In my opinion, the Ocarina is the most relaxing instrument ever.
It's not a very famous instrument though, but the thing is, I'd do ANYTHING to flood my iPhone with Ocarina songs and just have them played in my room 24/7.
I justed wanted to ask--
Do you know any Album/Compilation that pretty much has no singing... (or shall I say "Instrumental") and is mostly played with the Ocarina?
If not, perhaps a site that offers free Ocarina songs? (One that's meant to be free, not pirated or anything... According to the forum rules, requesting warez is forbidden if I'm not mistaken.)
Oh yeah, and one last thing--
Don't tell me to search Google or anything :/
Cause that Zelda game totally messes things up.
As long as you have the word "Ocarina" in a search, it'll show you some weird results of that game.
EXAMPLE:












See? It's that one video game keeping me one step away from living the dream...

Thanks All


----------



## Quanno (Aug 5, 2010)

Google at "ocarina band" That should help


----------



## Blaze163 (Aug 5, 2010)

I actually own an ocarina. Light blue one. It's only a cheap plastic one, but it's calming.
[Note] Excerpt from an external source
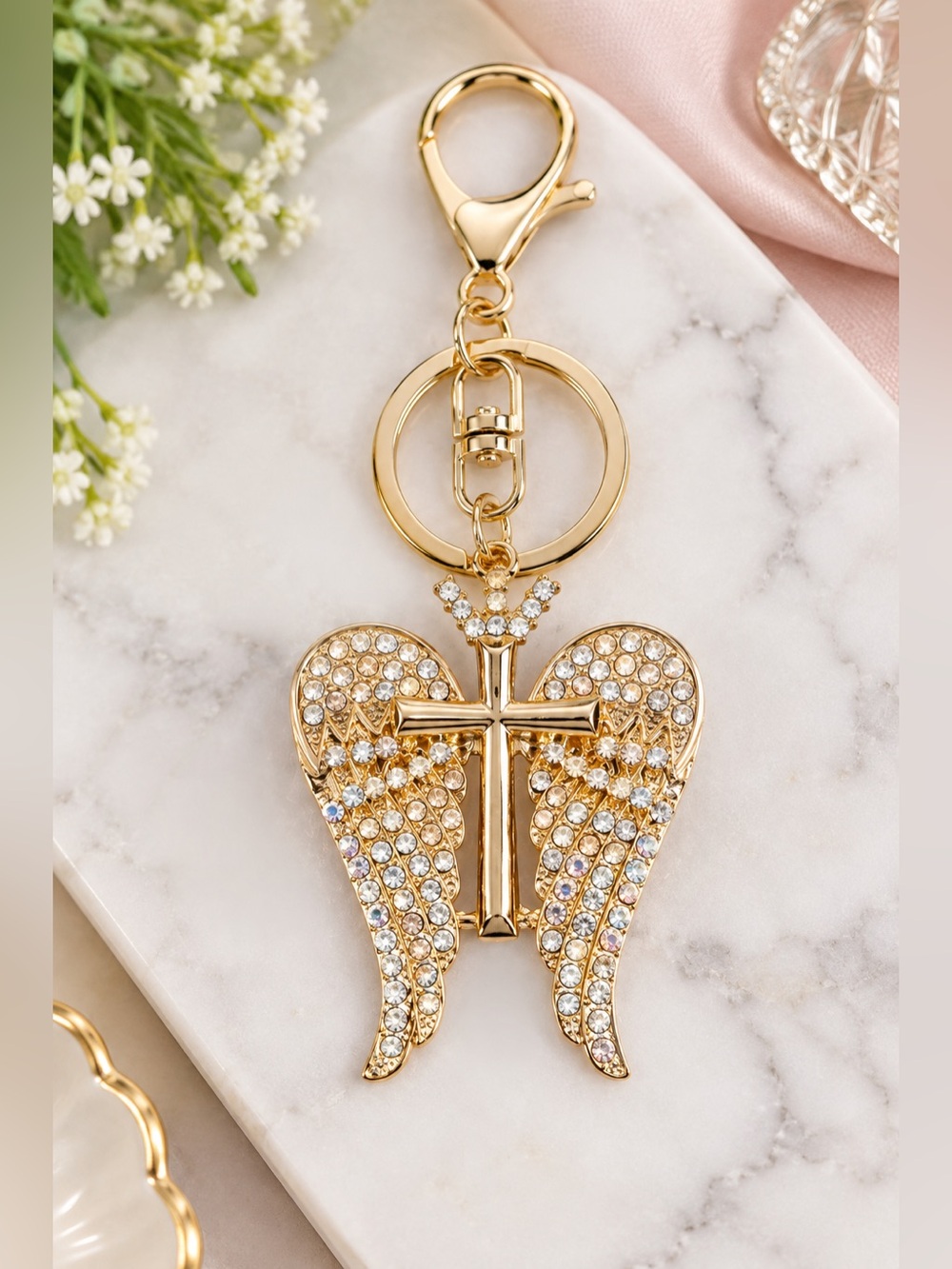 ✨ Gold Angel Wing Cross Rhinestone Keychain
Even though I can't play it worth a toss.


----------



## nando (Aug 5, 2010)

use the minus sign before words to exclude them from the search. -zelda -nintendo -loz etc.


----------



## TheTwoR's (Aug 6, 2010)

Quanno said:
			
		

> Google at "ocarina band" That should help
> 
> I will
> 
> ...



Wow that's helpful 
	

	
	
		
		

		
		
	


	



Thanks a whole lot


----------



## Deleted User (Aug 6, 2010)

The Ocarina is purely Orgasmic


----------



## TheTwoR's (Aug 6, 2010)

JetKun said:
			
		

> The Ocarina is purely Orgasmic



If you mean it in a good way, I agree.


----------



## Veho (Aug 6, 2010)

TheTwoR's said:
			
		

> If you mean it in a good way, I agree.


How can an orgasm be bad?


----------



## TheTwoR's (Aug 7, 2010)

Veho said:
			
		

> TheTwoR's said:
> 
> 
> 
> ...



I had to check a dictionary to understand what that word meant... 
	

	
	
		
		

		
		
	


	



I don't think the dictionary would tell me how great it is.


----------